Prove that $\text{Frac}(\mathbb{Z}[\sqrt{d}]) \cong \mathbb{Q}(\sqrt{d})$

abstract-algebrafield-theoryring-theory

I'm trying to prove that the field of fractions for $\mathbb{Z}[\sqrt{d}]$ is isomorphic to $\mathbb{Q}(\sqrt{d})$.
I know exactly how to go about this problem, but I'm just confused as to how to define the function.
I tried the following:
"Define a function $\phi: \text{Frac}(\mathbb{Z}[\sqrt{d}]) \to \mathbb{Q}(\sqrt{d})$ by $\phi(\frac{p+r\sqrt{d}}{s+t\sqrt{d}})=\frac{p}{s}+\frac{r}{t}\sqrt{d}$."
This function gave me some pretty ugly irreducible computations in terms of proving that it respected addition.
Is there another function I should be using?

Best Answer

Here is another take.

The field of fractions for $\mathbb{Z}[\sqrt{d}]$ is the smallest subfield $K$ of $\mathbb C$ that contains $\mathbb{Z}[\sqrt{d}]$.

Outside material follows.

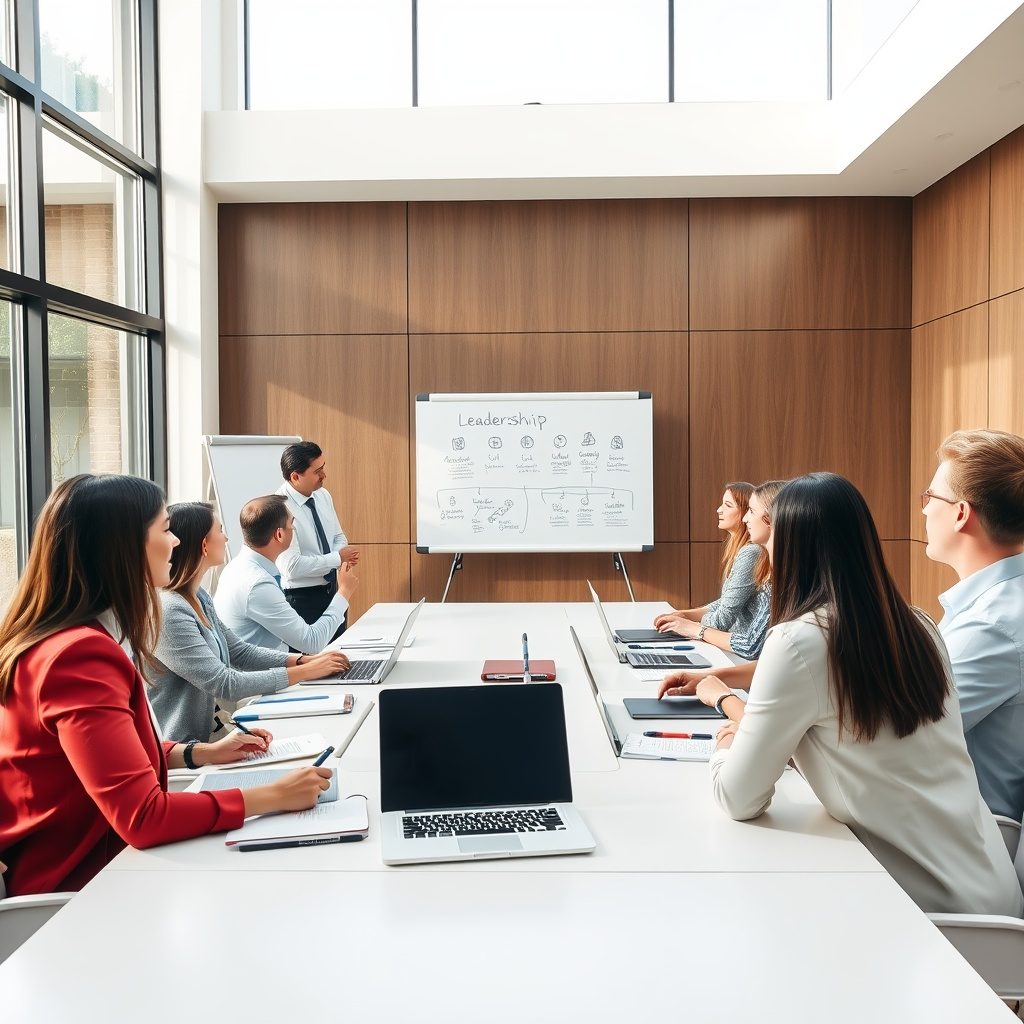 Management Training for Business Success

Now $\mathbb Z \subseteq \mathbb{Z}[\sqrt{d}]$ implies $\mathbb Q \subseteq K$ and so $\mathbb{Q}(\sqrt{d}) \subseteq K$.

Since $\mathbb{Q}(\sqrt{d})$ is a field containing $\mathbb{Z}[\sqrt{d}]$, it must contain $K$, that is $\mathbb{Q}(\sqrt{d}) \supseteq K$.

Therefore, $K = \mathbb{Q}(\sqrt{d})$.